21 Jun 2019
Guernsey, Jersey and the Isle of Man committed on Wednesday to naming the individuals who own or otherwise control corporations operating in their jurisdictions as part of an effort to meet EU anti-money laundering standards.
Beginning in 2021, the islands will interconnect corporate beneficial ownership registers with similar databases in the economic bloc, allowing law enforcement officials and financial intelligence units to access the information, the governments said in a joint statement announcing a three-tier action plan.
In a second stage starting in 2022, the governments will open access to the registers for financial service businesses and other companies obligated to conduct corporate due diligence for compliance purposes. The registers will eventually be made public following the introduction of legislation permitting the disclosures by 2023, they said.

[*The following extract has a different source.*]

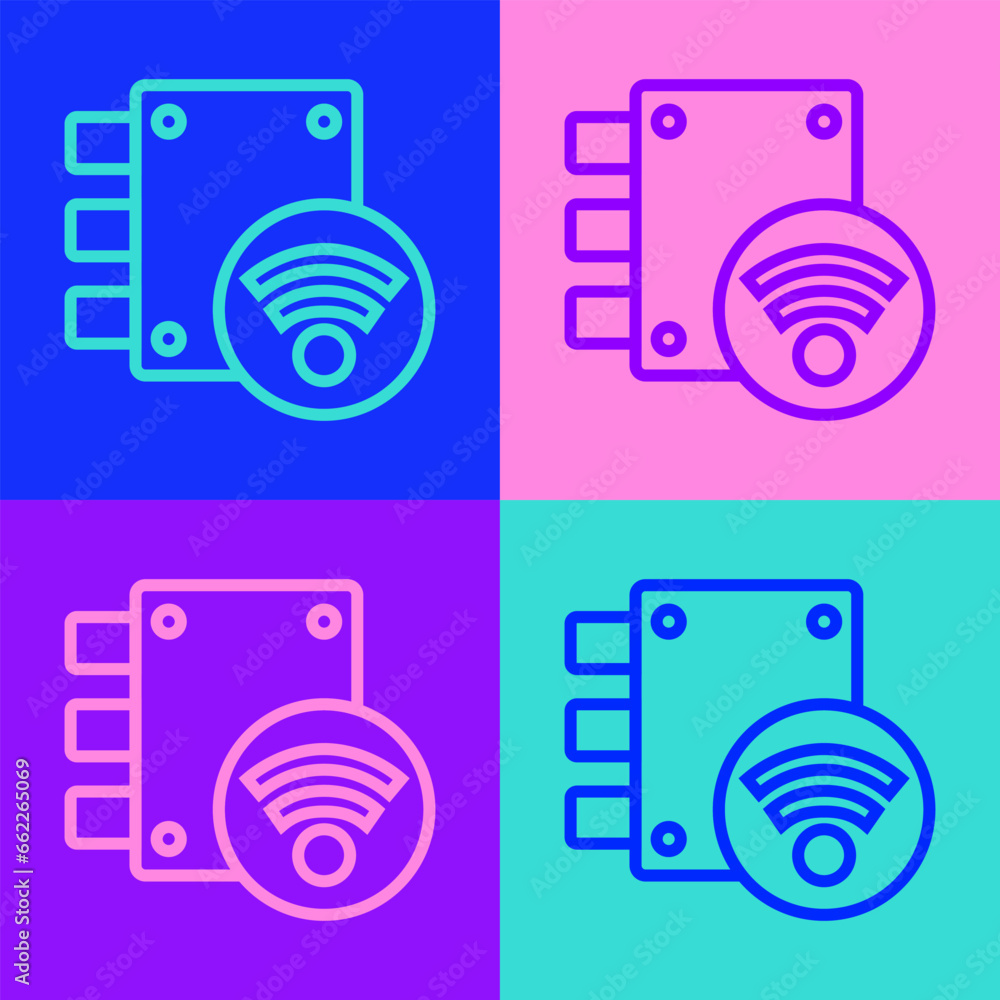 Poster pop art line digital door lock with wireless technology for unlock icon isolated on color background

The plan is intended to align the jurisdictions with standards set by the EU’s Fifth Money Laundering Directive and curtail potential abuses of shell companies and legitimate businesses by money launderers, tax dodgers, terrorist financiers and other financial crooks. The European Union is slated to publish an implementation review of the directive in January 2022.
The initiative follows years of criticism by UK officials that the dependencies’ secrecy laws have likely helped mask illicit finance—an allegation that the three governments have vehemently denied.

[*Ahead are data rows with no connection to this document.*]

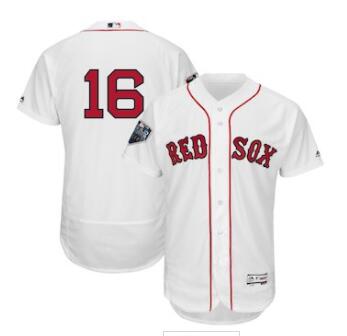 Men's Boston Red Sox #16 Andrew Benintendi Majestic White 2018 World Series Flex Base Player Jersey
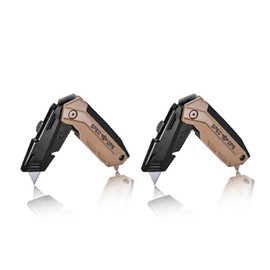 Spec Ops Tools Folding Utility Knife with Retractable Blade, 2-Pack, Includes 10 Extra Blades in Handle Storage, 3% Donated to Veterans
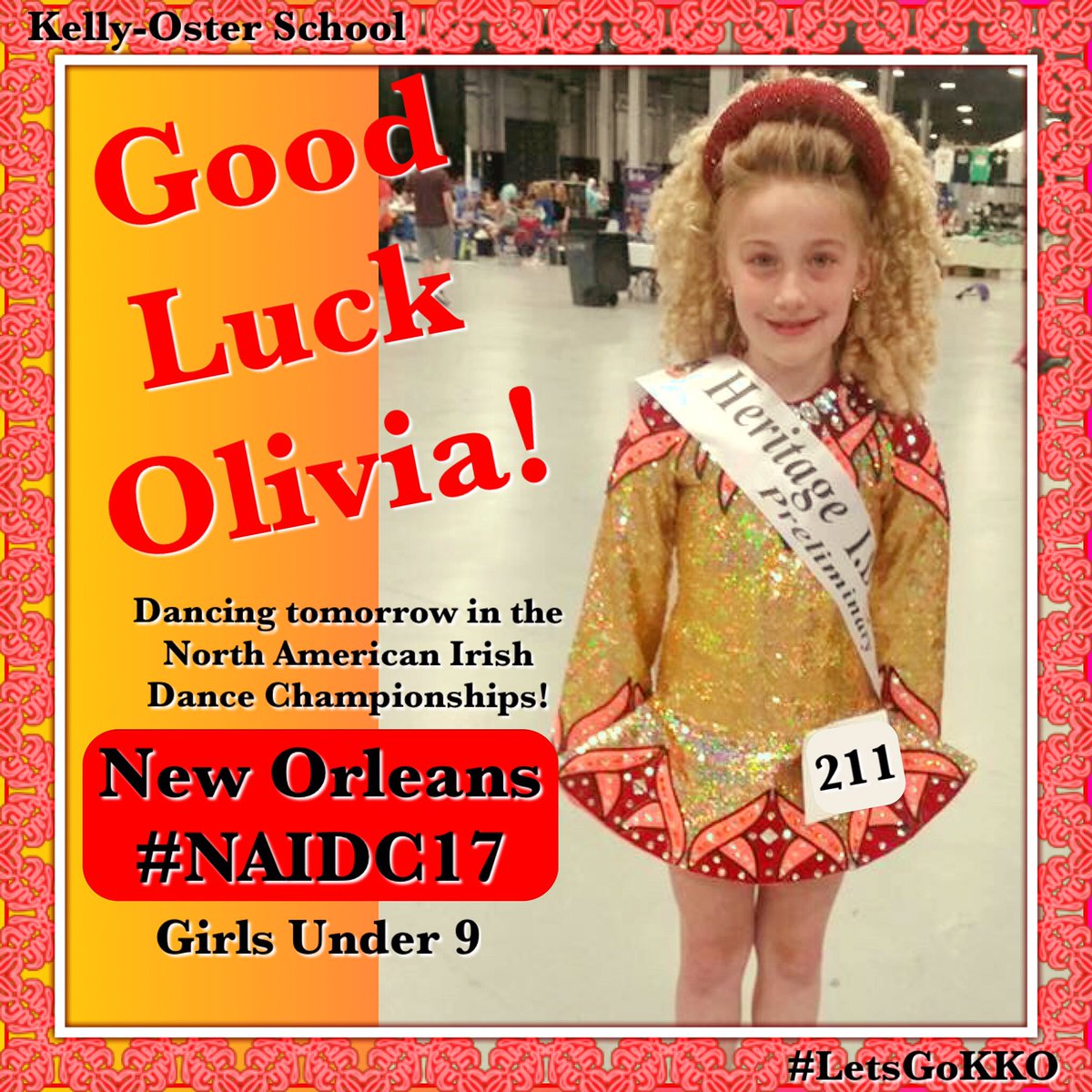 KellyOsterIDS's tweet photo. Good luck to our lil u9 Olivia, dancing at #NAIDC17 tomorrow! You'll be great! #LetsGoKKO https://t.co/ysyVQEzS3z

Earlier this year, UK members of Parliament sought to amend the country’s Financial Services bill in an attempt to force British crown dependencies and overseas territories to publish corporate beneficial ownership information by 2020.

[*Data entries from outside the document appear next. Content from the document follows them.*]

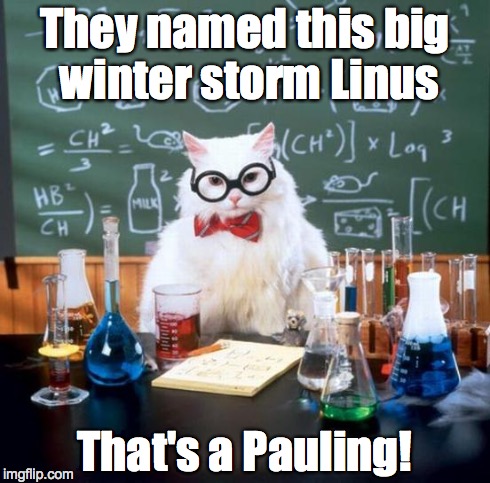 Chemistry Cat Meme | They named this big winter storm Linus That's a Pauling! | image tagged in memes,chemistry cat | made w/ Imgflip meme maker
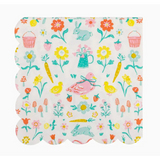 Scalloped-edge napkin with Easter designs from the Springtime Cottage Cocktail Set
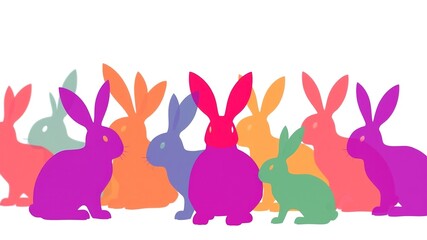 Obraz premium Watercolor Abstract Bunny Silhouettes - Artistic Design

The lawmakers, who ultimately failed to get the proposals adopted, argued that the UK has the constitutional authority to mandate the disclosures and that reducing the risk of money laundering was a matter of national security.
“Jersey is proud to be among global leaders in matters of tax cooperation, transparency and in combatting money laundering and countering the financing of terrorism,” said Jersey External Relations Minister Ian Gorst, in a statement. “The commitments we are announcing today, alongside Guernsey and the Isle of Man, will help to ensure that this leadership role is maintained whilst taking into account the standards being developed within Europe.”
Gorst also called on “other jurisdictions to raise their own standards, particularly in relation to the verification of data and the regulation of the financial services sector.”
As part of a separate action plan published Wednesday, Guernsey committed to report to its parliament by 2023 on the effectiveness of beneficial ownership registers, both at home and within the EU, and update lawmakers on related global standards and data privacy controls.
Earlier this month, Jersey’s Civil Asset Recovery Fund announced that it had seized over $267 million that had been held in an account maintained for former Nigerian head-of-state Sani Abacha. The funds, which had been frozen since 2014 pending the resolution of legal challenges, were derived from corruption and laundered through the US banking system with aid of Abacha’s son before their eventual transfer to the crown dependency, the government said.